Is there a way to make a "Not a number" if statement in Python?

Question

Forgive me if this a stupid question, but I searched everywhere and couldn't find an answer due to the wording of the question.

Is there a way to have a "Not a number" value in an if statement in Python?

Say for example you have a menu like this:

For free examples - Press 1
For worse free examples - Press 2

And I wanted to write an if statement, or elif statement, that says something along the lines of:

elif menu_Choice != #:
    print("This menu only accepts numerical input. Please try again.\n")
    menu_Choice = input("\n")

Can I do so? If so, how?

Answer 1

feeding of the other answer

choices = {
  "1": free_samples_list,
  "2" : other_list,
}
choice = input(...)
while choice not in choices:
     print ("Invalid choice:")
     choice = input(...)

this allows you to encapulate both data validation and selection

Answer 2

Why not say something like:

if menu_choice == "1":
    do this
elif menu_choice == "2":
    do this
else:
    print("Invalid input...!")

You could also do:

menu_choice = ""

while menu_choice not in ["1", "2"]: # not ideal with lots of choices
    print("This menu only accepts numerical input. Please try again.\n")
    menu_Choice = input("\n")

Then go to your if statments

EDIT:

with regards to your comment, you could do:

# you could make range as big as you like..
choices = [str(i) for i in range(1, 11)] #['1', '2', '3', '4', '5', '6', '7', '8', '9', '10']
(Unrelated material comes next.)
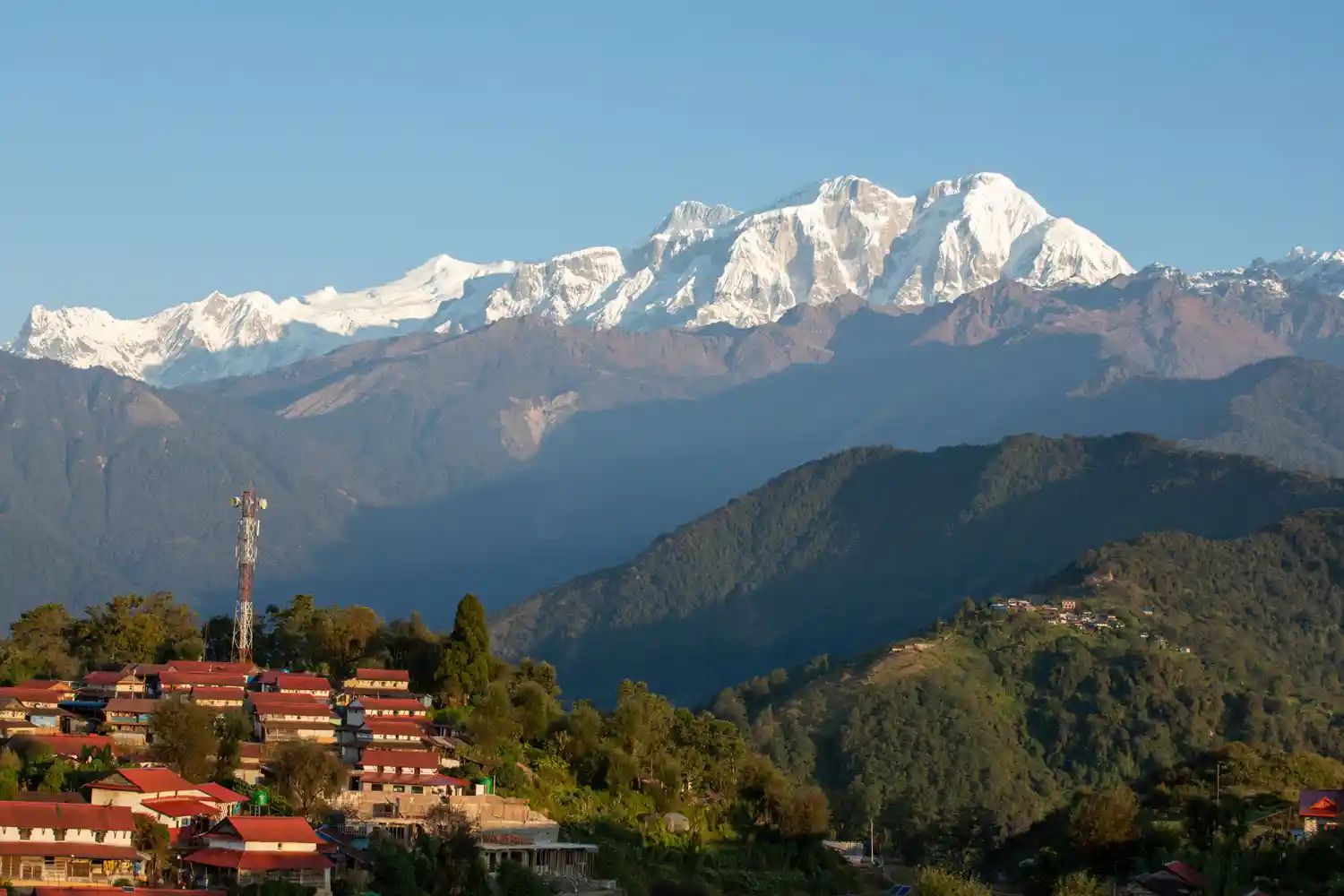 Nepali To English Translation Aldiwan Translations nepali-to-english-translation-aldiwan-translations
while menu_choice not in choices:
    print("That input wasn't valid. Please try again.\n")
    menu_Choice = input("\n")

I made the list choices with a list comprehension

Answer 3

There is the .isdigit() string method.

elif not menu_Choice.isdigit():
    print("This menu only accepts numerical input. Please try again.\n")
    menu_Choice = input("\n")

Keep in mind this doesn't check if it's in the right range, just if it's numeric. But by the time you've gotten this far, maybe you could just use else?